Additional geographic and emerging-manager signals:

Firm Public signal Disposition
High-Flyer Official English site describes AI-focused quantitative trading, neural-network and NLP research, a first deep-learning trade in 2016, and the internally built Fire-Flyer deep-learning platform Firm-controlled China-based AI-quant disclosure; self-reported and not an independent technical or performance audit
Ubiquant Official quantitative-competition page, Ubiquant-linked Hugging Face organization, and a dated public recruiting post Public AI-research artifact surface; competition/talent funnel; roles named Quantitative Strategy Researcher, AI Algorithm Researcher, Data Scientist, Quantitative Implementation Engineer, and Quant Developer
M37 Management LP University-hosted AI Engineer posting describes agents, Claude Code, MCP, multi-agent collaboration, benchmarks, security, and integration with investment research; SEC and LinkedIn records corroborate the manager’s existence Emerging-manager role-led signal, with secondary job-post evidence; distinct from Move37 Capital and not a firm-controlled posting
Trexquant Current careers page describes machine learning for alpha discovery and portfolio construction, with global alpha-research roles ML/alpha research signal; no current public GenAI or agent ownership found

The resulting search rule is broader: search for the person or team that owns the AI product lifecycle, validation evidence, model infrastructure, or investment-workflow integration—not only the executive whose title contains AI.
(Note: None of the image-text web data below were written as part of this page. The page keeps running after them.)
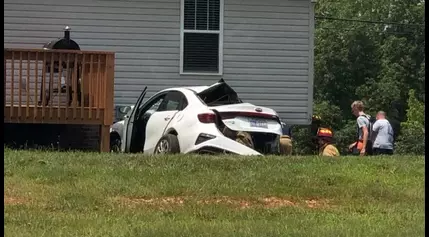 Car crashes into power pole, house in Lexington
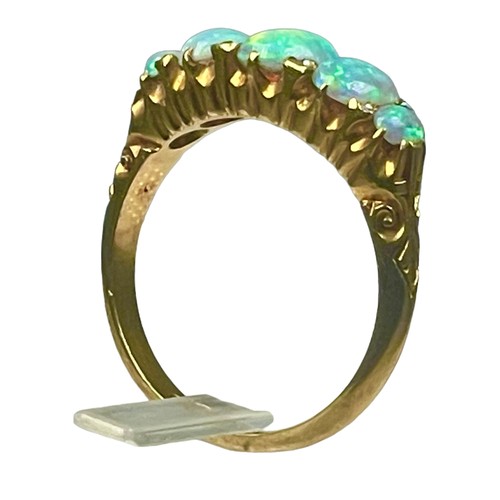 84 - An 18ct yellow gold opal and diamond ring, set with five graduated opals, with small eight-cut diamo... 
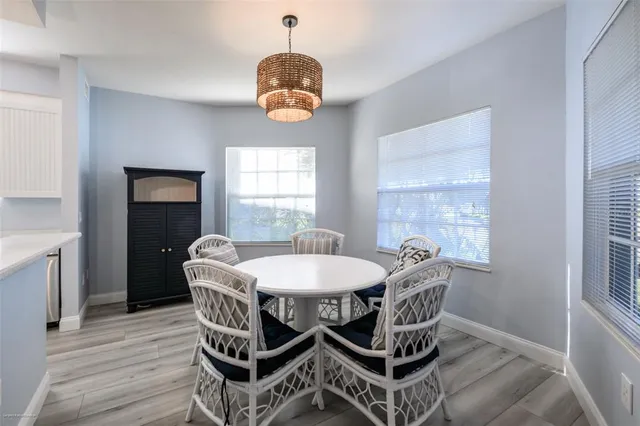 a dining room with furniture and window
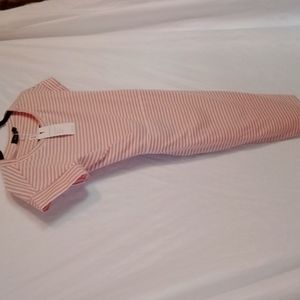 T-shirt dress. Sooo cute!! Has straps to tie however you like. Great dress!!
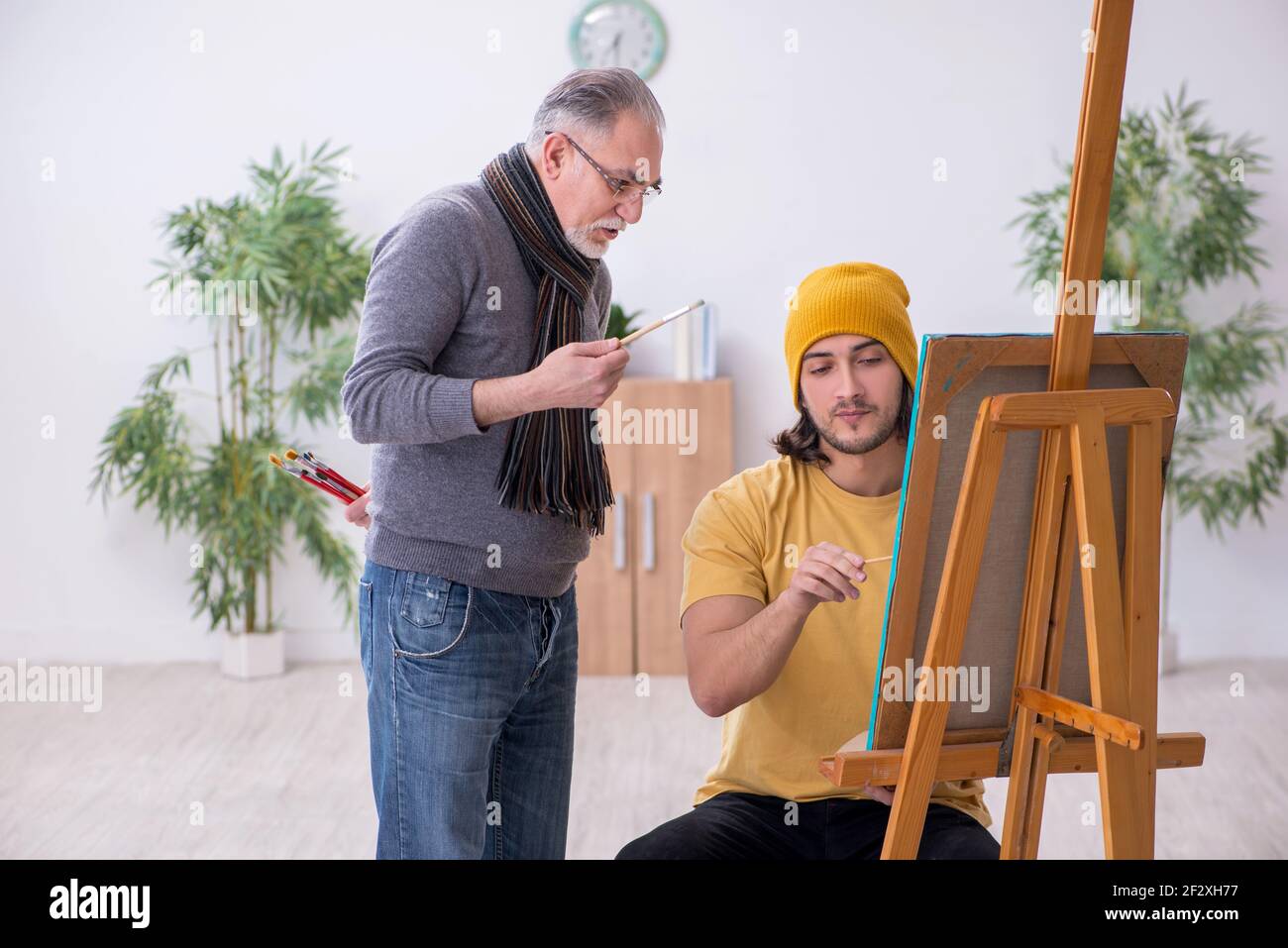 Young man taking lesson from experienced painter Stock Photo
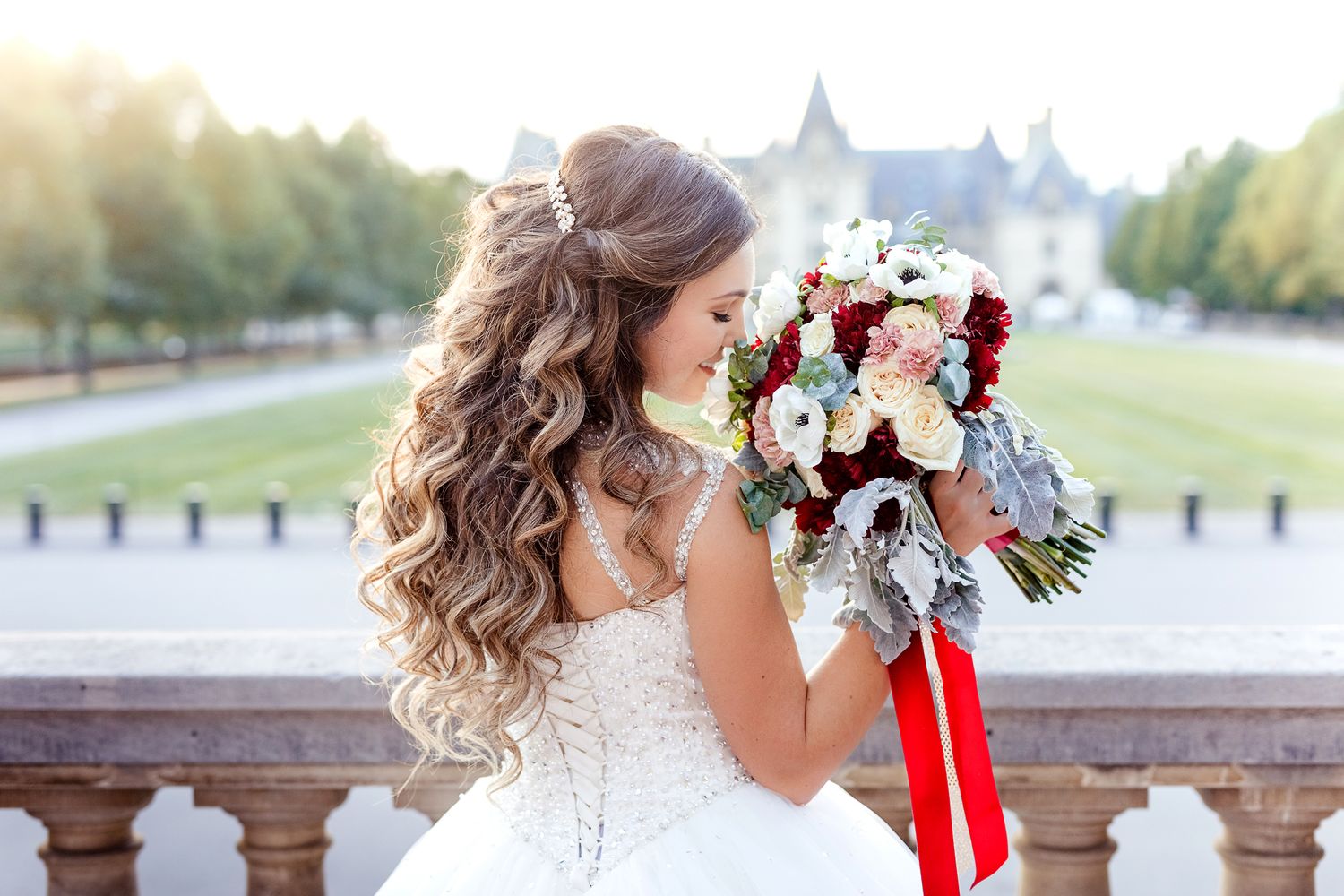 Bride with flowing curls holding a red and white bouquet against a scenic background.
Fourth sweep: “Head of Automation” and its neighboring titles

“Head of Automation” should be added to the search vocabulary, but it cannot be promoted as an AI title without examining the object being automated:

Title signal Public example Classification
Risk Automation Lead Man Group’s current AHL role drives automation and AI adoption across investment-risk teams, builds Python risk tools, and integrates LLMs into workflows Direct investment-control and AI-adoption signal; role-led, person not identified
Security Automation Lead Point72’s current role owns a single auditable security-automation pipeline in a technology organization that uses AI solutions Control-plane automation signal; not an investment-research AI owner
Head of Automation, Analytics and Platform Services State Street’s Nick Delikaris role spans algorithmic trading, business-process engineering, analytics, and platform services Trading and platform automation signal; adjacent asset-manager evidence
Global Head of Automation MarketAxess’s Gareth Coltman role concerns automated fixed-income execution and Auto-X Market-infrastructure and execution-automation evidence; not hedge-fund personnel
Head of Automation and AI Alter Domus’s Davendra Patel role covers proprietary AI systems and fund-administration workflow automation Fund-services control case; not a hedge-fund investment-team record
Head of Development, Automation and AI Recruiter listing for an investment-management house combines development leadership, automation, and AI/ML integration Discovery vocabulary only; third-party copy and unnamed firm

The important inference is organizational: “automation” may be the operating bridge between a research or risk team and an AI platform. It often reveals workflow ownership, release controls, and adoption responsibility even when the word GenAI is absent. It does not, by itself, establish language-model use, autonomous investment decisions, or model ownership.

Evidence Boundaries

The coverage labels describe the strength and completeness of the public personnel trail. They do not describe the quality of any person, firm, strategy, model, or AI system.